To commemorate The Queen’s Diamond Jubilee in 2012, both Her Majesty and Prince Philip signed a Royal Autograph, painted on vellum and held in the RHS Lindley Library. The border of the Royal Autograph is decorated with botanical paintings of plants from the Commonwealth and was unveiled by Her Majesty at the 2012 RHS Chelsea Flower Show. This is the second Royal Autograph from The Queen. Her first, signed just with her name alone, marked the Coronation in 1952 and is decorated with pale pink dog roses and purple thistles.
In 2018, ITV broadcast The Queen’s Green Planet, a film that showed Her Majesty walking informally around the garden at Buckingham Palace in the company of Sir David Attenborough, while they discussed the development of ‘The Queen’s Commonwealth Canopy’, an initiative of forest conservation and tree planting in the 53 countries of the Commonwealth. Sir David talked of ‘her genuine love of nature and her passion for trees of all shapes and sizes’, perhaps not surprisingly for a woman who, in her time, planted many hundreds of trees across the world.
This initiative was taken further in 2021 with the launch of The Queen’s Green Canopy, an initiative led by Prince Charles, to plant trees throughout the United Kingdom in celebration of Her Majesty’s Platinum Jubilee in 2022.
During the Covid pandemic in the spring and summer of 2020 and to celebrate RHS National Gardening Week, a video was released of the rhododendrons flowering in the garden at Buckingham Palace.

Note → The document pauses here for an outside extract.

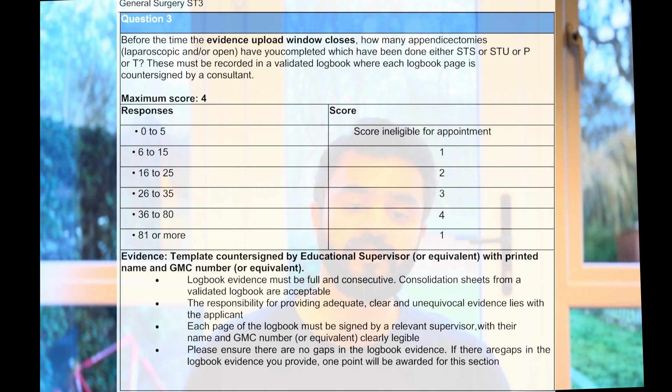Operative experience — your surgical logbook matters. If you have done 36 to 80 appendicectomies, this is where you get the maximum marks. Remember, these need to be recorded as STS, STU, performed, or trained. STS means your supervisor is scrubbed with you and you are doing the operation. STU means the trainer is present in theatre but unscrubbed. Performed means you have operated in the absence of or being remotely monitored by your supervisor. T means you are training another person. All of these count equally in your portfolio.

Her Majesty also broadcast a warm message of support for Virtual Chelsea, an online event to replace the live show, and chose lily-of-the-valley as her favourite plant, since it had featured in her Coronation bouquet.
In June 2021 she received, from the Society’s President, Keith Weed, the gift of a plant of Rosa ‘Duke of Edinburgh’ (bred by Harkness Roses) to mark what would have been HRH the Duke of Edinburgh’s 100th birthday. They walked the borders of the East Terrace of Windsor Castle until The Queen chose the place to plant the deep pink rose in the mixed border. Her Majesty was keen to hear how gardening had grown rapidly as a pastime during Covid, providing people joy while helping their mental and physical health.
In May of this year, in one of her final public appearances, she attended RHS Chelsea Flower Show, exhibiting her usual enthusiasm for meeting exhibitors and viewing displays, as she had done for so many years. At the show the third Royal Autograph from The Queen, decorated with a painting by botanical artist Gillian Barlow, was unveiled to commemorate the Platinum Jubilee.
Her Majesty’s support has been a great source of strength to the Society and she will be greatly missed.